▸ **Material for this exercise**

-- Opening Marker --

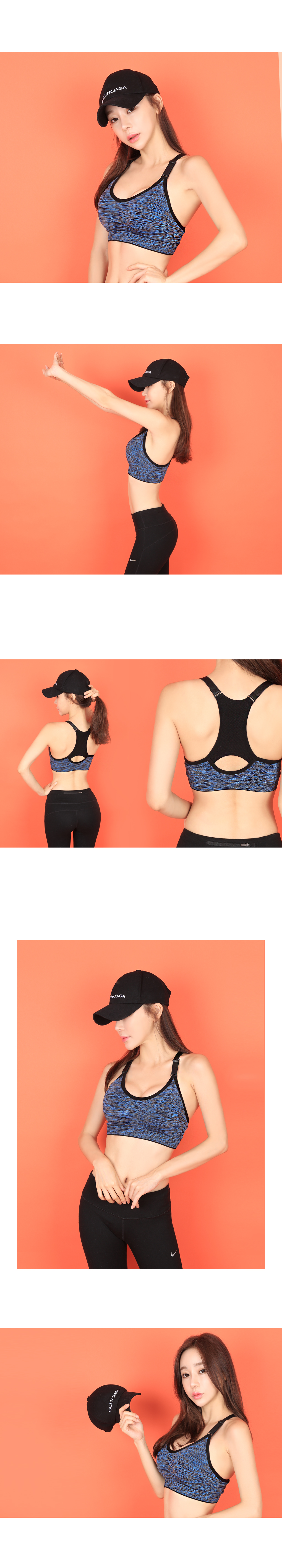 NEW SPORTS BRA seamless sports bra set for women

-- Closing Marker --
-- Opening Marker --

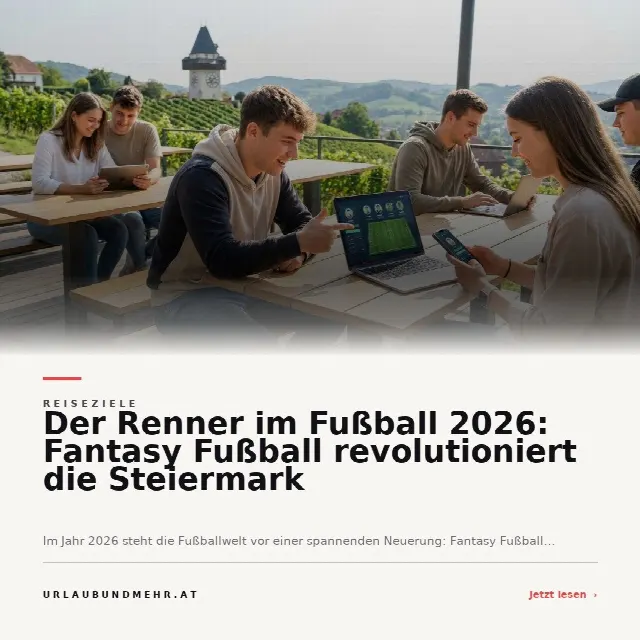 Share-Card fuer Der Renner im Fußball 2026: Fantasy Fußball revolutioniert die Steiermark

-- Closing Marker --
-- Opening Marker --

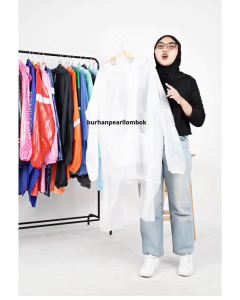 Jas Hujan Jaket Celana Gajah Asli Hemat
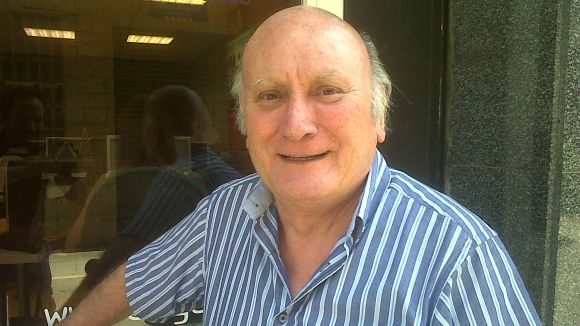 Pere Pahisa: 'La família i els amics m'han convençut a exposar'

-- Closing Marker --

Among the entries above, locate the line with "Jas Hujan Jaket Celana Gajah Asli Hemat" and the line with "Pere Pahisa: 'La". Give those two lines and all lines between them again, exactly, leaving out the pictures.

▸ **Reply to the task**
 Jas Hujan Jaket Celana Gajah Asli Hemat
 Pere Pahisa: 'La família i els amics m'han convençut a exposar'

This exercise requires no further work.